Recorded data:
——

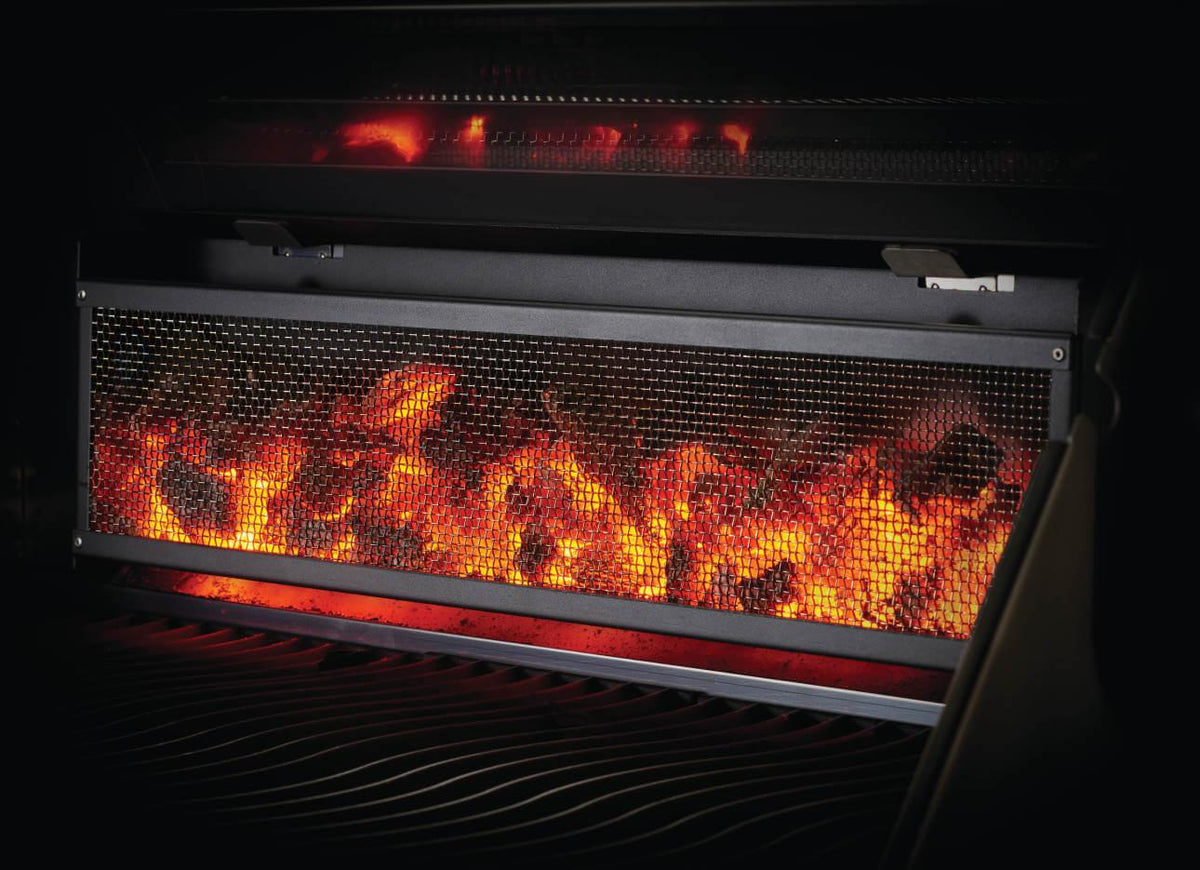Napoleon - Charcoal Professional Grill, Stainless Steel - PRO605CSS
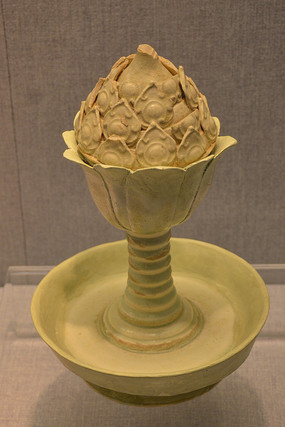 ������������޹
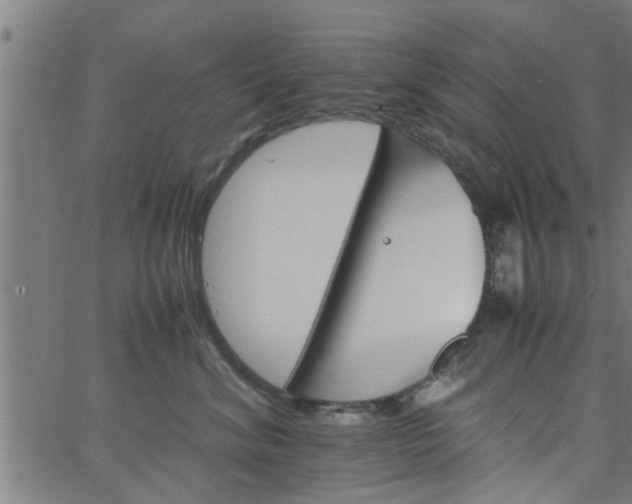 X0000066540620200603311846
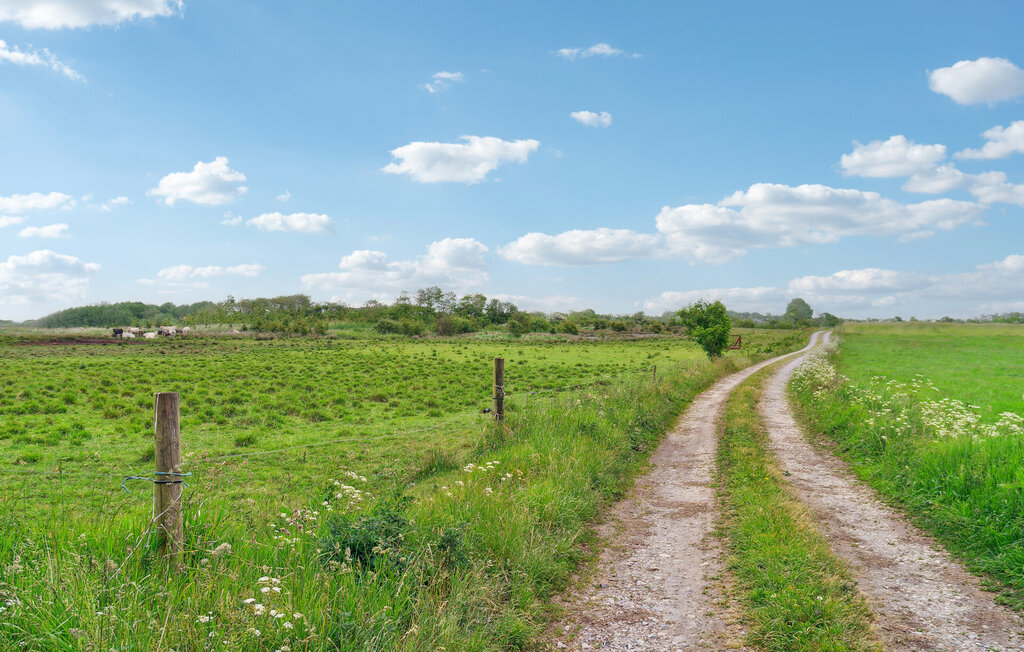Ferienhaus - Snedsted , Dänemark - B20011 8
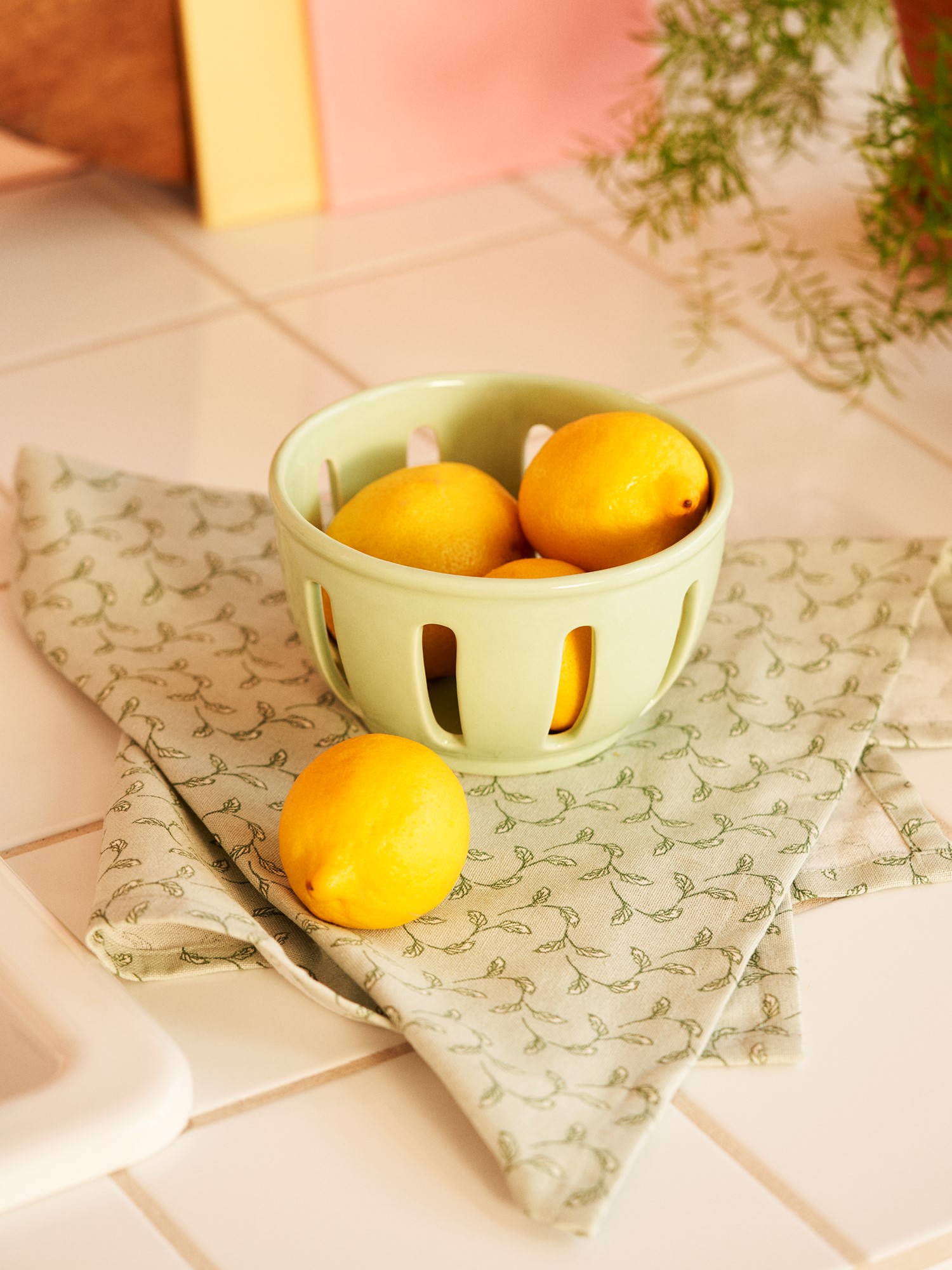 Colander Dolomite. Ø14.5 x 8.7 cm.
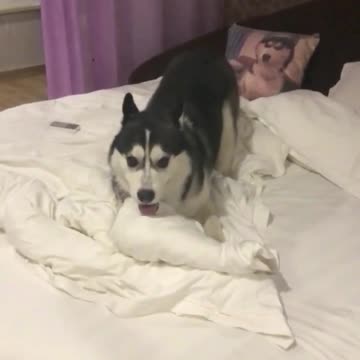 Fretting about staying alone in an empty room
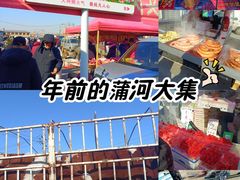 -蒲河大集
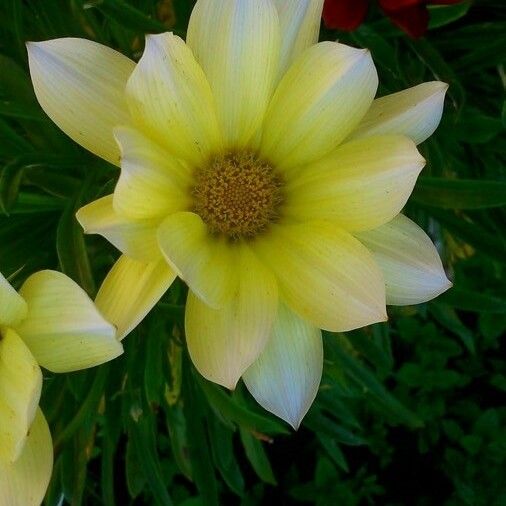 Gazania rigens 花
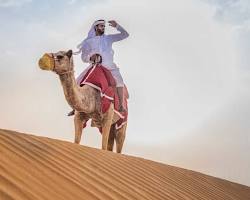 Image of Arab camel in the Middle East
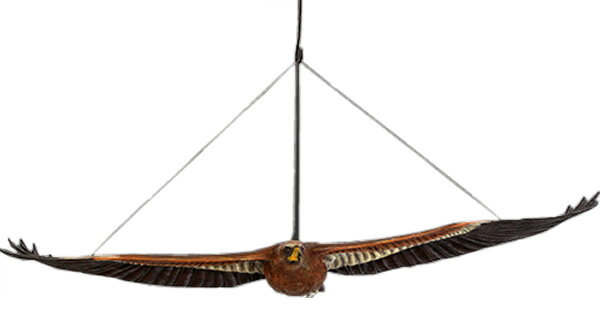 FRPアニマルオブジェ ウェッジテイルドワシ「くさび型の尾をもつ鷲」置物 動物 とり トリ 鳥 わし 動物園 店舗 カフェ 喫茶店 レストラン 飲食店 インテリア イベント ディスプレイ 実物大 等身大 リアル 【whlny】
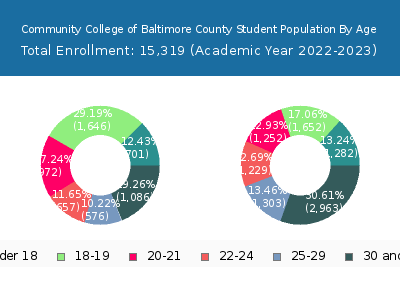 Community College of Baltimore County 2023 Student Population Age Diversity Pie chart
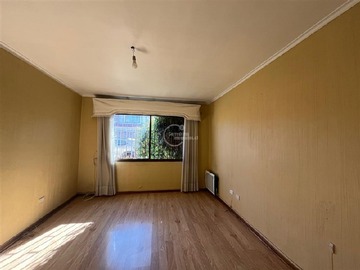 Imagen 11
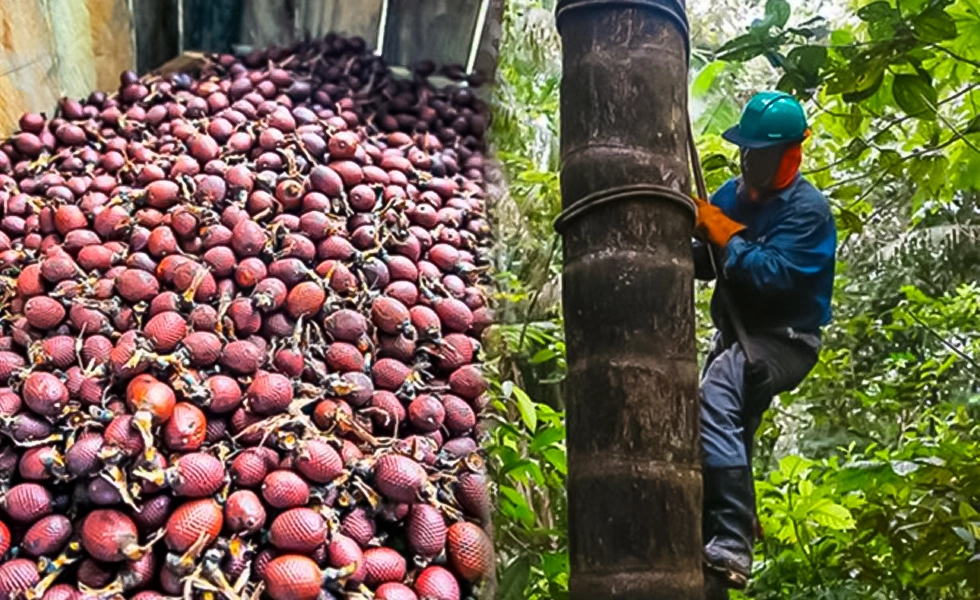 Biodiversidad y el valor del bosque en pie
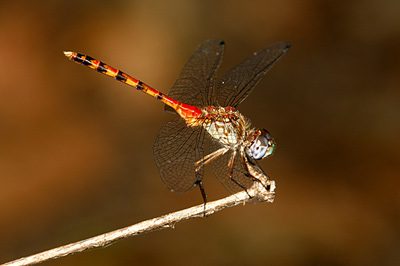 Blue-faced Meadowhawk dragonfly (male)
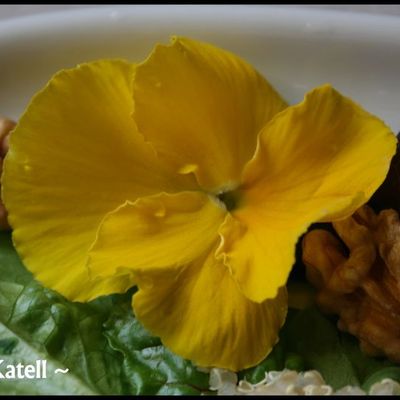 Salade florale au Quinoa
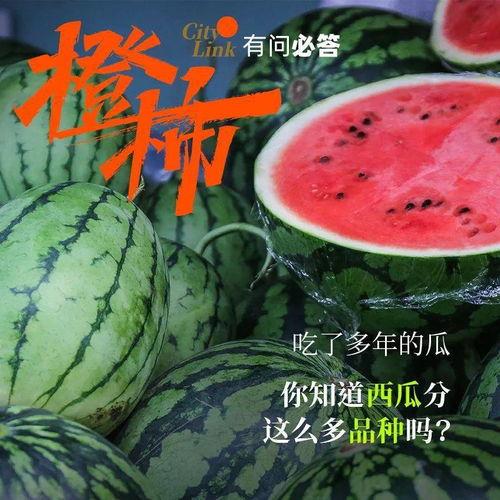 为何 都爱 吃瓜,为何全民皆爱“吃瓜”现象背后的心理动因
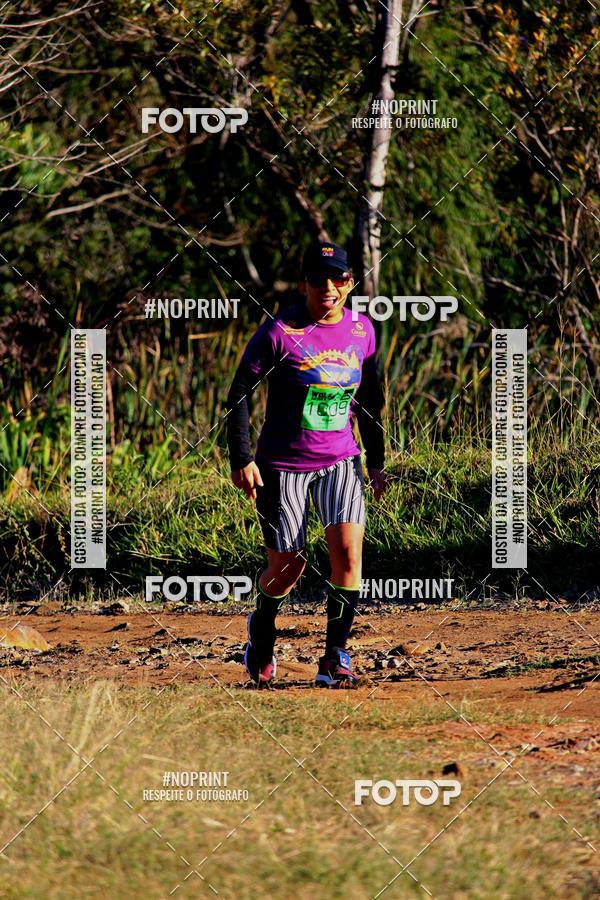 Achetez vos photos de l'vnementWolf Series - Botucatu sur Fotop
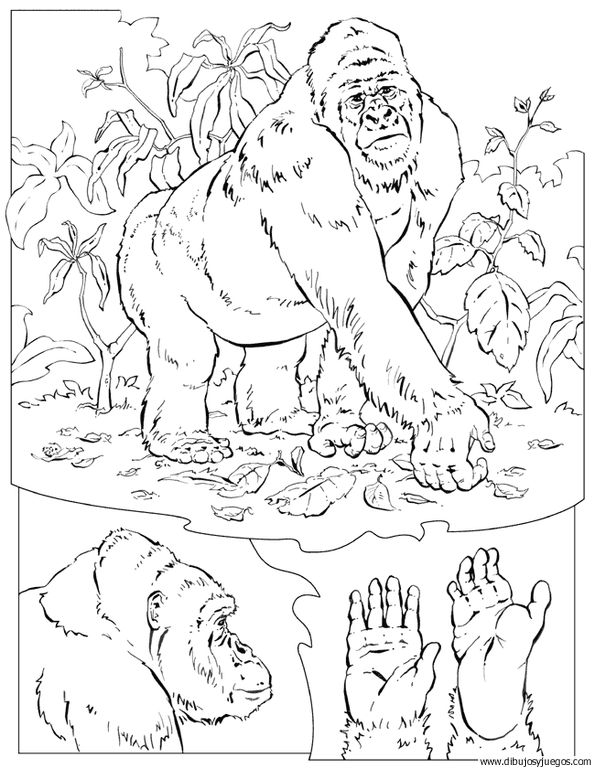 dibujo-de-gorila-005.jpg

——

§ **Directions**
Omit the pictures, and please restate word for word the lines running from the line with "X0000066540620200603311846" to the end of the entries.

§ **Written reply**
 X0000066540620200603311846
Ferienhaus - Snedsted , Dänemark - B20011 8
 Colander Dolomite. Ø14.5 x 8.7 cm.
 Fretting about staying alone in an empty room
 -蒲河大集
 Gazania rigens 花
 Image of Arab camel in the Middle East
 FRPアニマルオブジェ ウェッジテイルドワシ「くさび型の尾をもつ鷲」置物 動物 とり トリ 鳥 わし 動物園 店舗 カフェ 喫茶店 レストラン 飲食店 インテリア イベント ディスプレイ 実物大 等身大 リアル 【whlny】
 Community College of Baltimore County 2023 Student Population Age Diversity Pie chart
 Imagen 11
 Biodiversidad y el valor del bosque en pie
 Blue-faced Meadowhawk dragonfly (male)
 Salade florale au Quinoa
 为何 都爱 吃瓜,为何全民皆爱“吃瓜”现象背后的心理动因
 Achetez vos photos de l'vnementWolf Series - Botucatu sur Fotop
 dibujo-de-gorila-005.jpg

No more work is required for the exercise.